I've seen, used, and created a lot better methods for developing user interfaces than the one that the W3C standardized on. I keep waiting for those techniques to be possible with XHTML/CSS, and I fear I'll have to wait forever if we don't start to demand more from the people who make browsers. I'd rather have one company take the lead and get "de facto standards" than live with the garbage we have today forever.

Posted by: Joe Hewitt | Aug 22, 2007 5:40:41 PM


all a bit light hearted - I left out the smiley, though did mean to have it in there - though as an early wasper I was a bit taken aback initially - I think it's a bit unfair given how much WaSP did once contribute, and perhaps goes to show ust how much we take the stable web platform for granted thatnow we criticize its stability, where once we criticized its instability.

Among those who were, and in many cases continue to be important in the promotion of standards, whether within WaSP or in other ways, I think the anti MS attitude is really not that strong. You'l hear it spoken of, but really not by many who have a lot of credibiity - its mor eto my mind something you find posted anonymously at /. :-)

I also appreciate your impatience, and desire for solutions, but the web has never really been about de facto standards (1993 - 1997 being the key exception to that, a time of innovation sure, but lot of terrible solutions to trivial problems that left a decade of legacy issues in some cases) - there are profound problems with de facto standards - who owns the IP? Who can license it? The tradeoff is you hand aost complete control over the ecosystem to the inventor. I, and I think many other folks, would simply not want to be involved in that.

But, onto solving the problems (and I agree that there are problems).
I think the issue is simply a lot more complex than any of us can possibly say. The standards we have are the ones we have, and were designed almost entirely for documents, and now we are trying to shoe horn them into supporting webapp design. The existing standards have an almost unimaginable investment of time, energy and commitment from probably millions of people and companies.

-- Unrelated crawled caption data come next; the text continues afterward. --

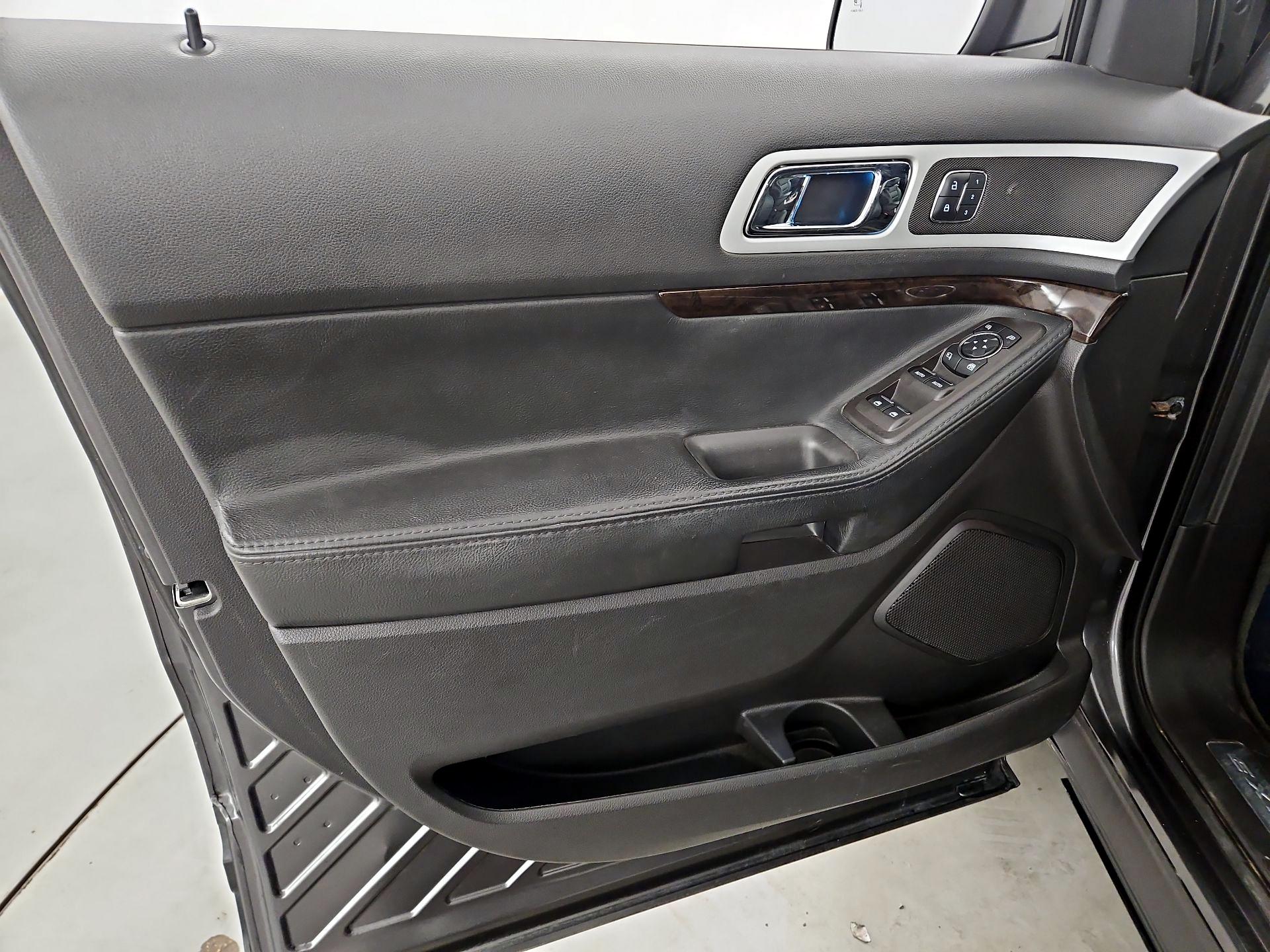Thumbnail: 2015 Ford Explorer - 12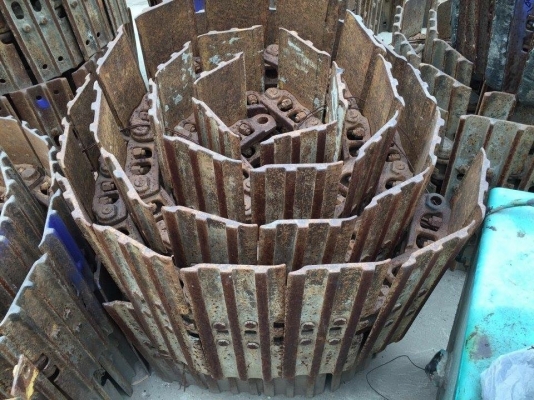 โซ่พร้อมใบเก่านอกญี่ปุ่น komatsu pc60-6-7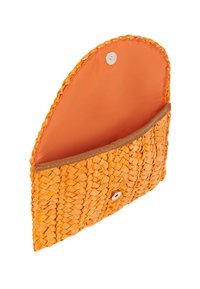 Woven clutch w kolorze pomarańczowym z gładką podszewką, wyposażony w zapięcie na zatrzask oraz delikatną plecioną teksturę na zewnątrz.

I think the most important thing (as we were at WaSP, in particular the CSS folks) is to identify the problems that exist, document them, and really try then to suggest solutions. Those solutions may well come from what we already have, or they might require something completely new.

I think this is a significant mistake that HTML5 makes - it doesn't start with identifying the sigificant problems, it starts with the assumption, HTML5 needs updating, and then moves right into the question of how to go about that.

This is a subject for another longer post, but I kinda think HTML is essentially done - the chances of significant enhancement of HTML itself are very low. Wat I think we need to turn our atention to is webapplication standards, and I very much doubt that HTML is the best way forward there - or at least, changing HTML to accomodate webapp development and interfaces.